What you have to do: Pictures must be dropped from the copy of the entries below; all else is returned exactly.
'''
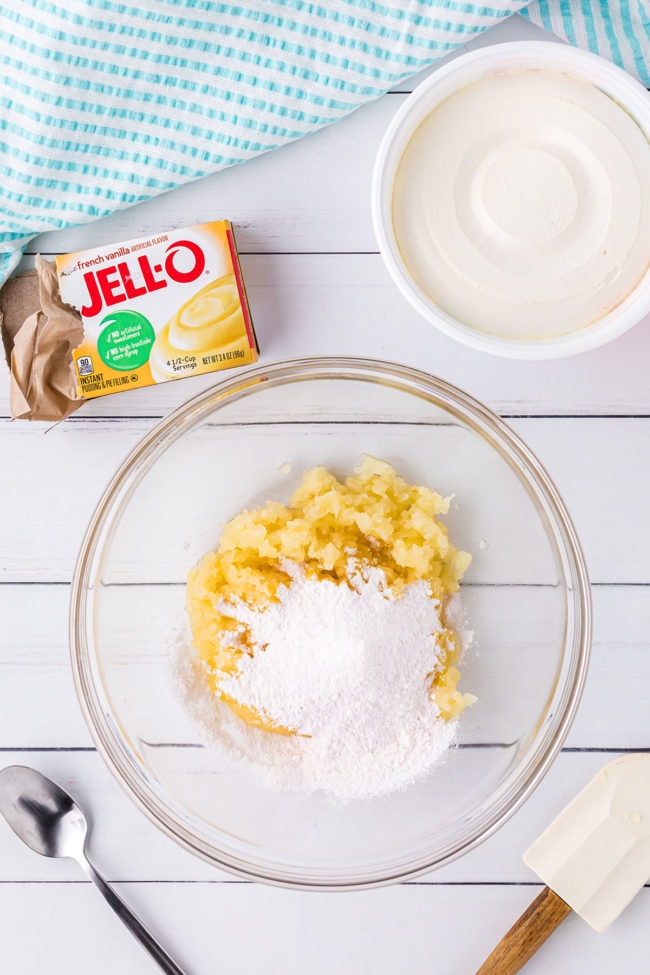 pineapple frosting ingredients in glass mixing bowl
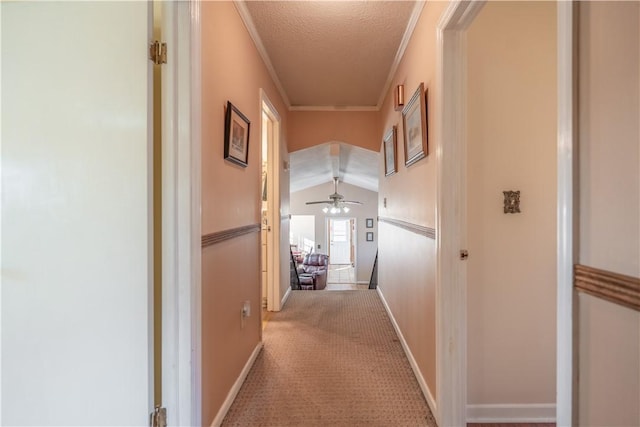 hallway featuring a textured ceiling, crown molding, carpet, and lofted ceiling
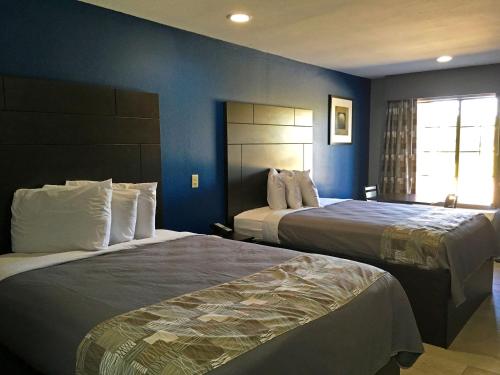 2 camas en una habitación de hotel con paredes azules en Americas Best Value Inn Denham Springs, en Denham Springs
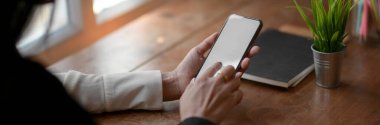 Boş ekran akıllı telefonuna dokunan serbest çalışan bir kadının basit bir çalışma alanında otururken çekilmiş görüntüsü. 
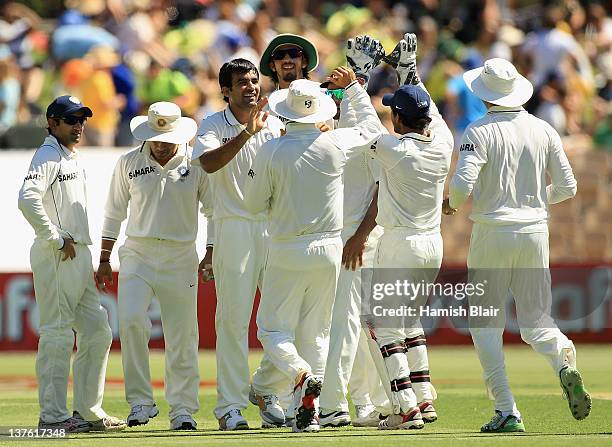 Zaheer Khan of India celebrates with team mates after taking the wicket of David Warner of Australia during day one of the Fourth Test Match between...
'''
Finished exercise:
 pineapple frosting ingredients in glass mixing bowl
 hallway featuring a textured ceiling, crown molding, carpet, and lofted ceiling
 2 camas en una habitación de hotel con paredes azules en Americas Best Value Inn Denham Springs, en Denham Springs
 Boş ekran akıllı telefonuna dokunan serbest çalışan bir kadının basit bir çalışma alanında otururken çekilmiş görüntüsü. 
 Zaheer Khan of India celebrates with team mates after taking the wicket of David Warner of Australia during day one of the Fourth Test Match between...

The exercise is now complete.